Holy Week isn’t just a school holiday when kids color eggs and dress up like bunnies. For progressive faith leaders who represent the ISAIAH coalition of churches and social justice believers, remembering the passion, death and Resurrection of Christ is a sacred time, and an appropriate time to call out sin and to come to the aid of those in need.
It’s also a propitious time, the religious leaders decided, to call on lawmakers and the banking industry to stop fighting laws empowering home owners facing foreclosure.
So on Maundy Thursday in the Minneapolis suburb of Brooklyn Park, half a dozen people of the cloth gathered in front of a vacant house, a home abandoned by a family of six after they defaulted on their mortgage during the 2008 financial crisis. With a wooden cross punctured by nails lying on the snow before them, leaders of Isaiah/Faith in Democracy prayed and preached the need for enshrining homeowner rights in state law, and for an end to the bank-driven home foreclosure crisis.
“As people of faith, we remember Holy Week as the time when Jesus came to redeem people from sin, from shame and from destruction,” said Rev. Paul Slack, the pastor of New Creation Church in Minneapolis and the President of ISAIAH. “When we see all the unnecessary foreclosures in Minnesota, we see that as sin.”
Part of Isaiah’s program is an on-going effort “to create a Minnesota that seeks fairness in all its dealings, eliminating financial discrimination against communities of color, supporting best practices in foreclosure prevention, and taking an aggressive approach to enforcing fair lending laws.” The group has been working hard to convince Democrats who control the Legislature to support a “Homeowners’ Bill of Rights” that would establish a single point of contact for struggling homeowners, stop “dual-tracking” practices by banks and require automatic mediation between every person facing foreclosure and their lender. But the effort has been frustrated, so far, by the reluctance of some Democrats to oppose the banking industry and its lobbyists.
Rep. Mike Freiberg, (DFL-Golden Valley), introduced legislation modeled after California’s Homeowners’ Bill of Rights, which advocates say has significantly reduced foreclosures and evictions.
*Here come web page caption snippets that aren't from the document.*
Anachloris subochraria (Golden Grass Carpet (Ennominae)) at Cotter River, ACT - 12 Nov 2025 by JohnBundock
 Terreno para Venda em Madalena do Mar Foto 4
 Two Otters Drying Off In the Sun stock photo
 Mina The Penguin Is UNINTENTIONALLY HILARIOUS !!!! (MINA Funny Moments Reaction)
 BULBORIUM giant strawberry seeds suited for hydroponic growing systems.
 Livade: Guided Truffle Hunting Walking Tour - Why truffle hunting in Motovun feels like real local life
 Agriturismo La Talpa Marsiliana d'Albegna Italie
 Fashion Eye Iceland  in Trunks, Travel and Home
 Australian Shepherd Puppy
But Freiberg’s initiative was stonewalled in committee, as fellow Democrats watered down the legislation after the banking industry objected.
“Financial institutions and corporations are experiencing record-breaking profits,” said Pastor Slack. “We call upon them now to join us in the redemptive strategy of keeping families inside their homes…We need to think about the people who lived in this home. Not just the home, not just the dollars behind it, but the children who were growing up here.”
Though the deadline for introducing legislation has passed, Rev. Grant Stevensen of Saint Paul-Reformation Church in St. Paul said he hopes Democrats (who have a majority in both chambers) will still push the bill forward, bring it to the House and Senate floors for a vote and present it to Governor Mark Dayton — whom activists hope would sign such a bill.
Stevensen recalled that in the late 1980s, a similar political battle was fought between banks and farmers who faced foreclosure. At the time, the banks resisted efforts to make them enter into negotiations with the farmers.
“If you ask (the banks) today what they think about the mediation between them and farmers, they would say it was good piece of legislation because it helped us keep so many family farms,” said Stevensen.
“Five years from now, after we pass the homeowners’ bill of rights, banks that are currently saying ‘this is not a good idea’ are going to be saying ‘that was a good idea’. It was good for our communities. It was good for our families. And it was ultimately good for the banks.”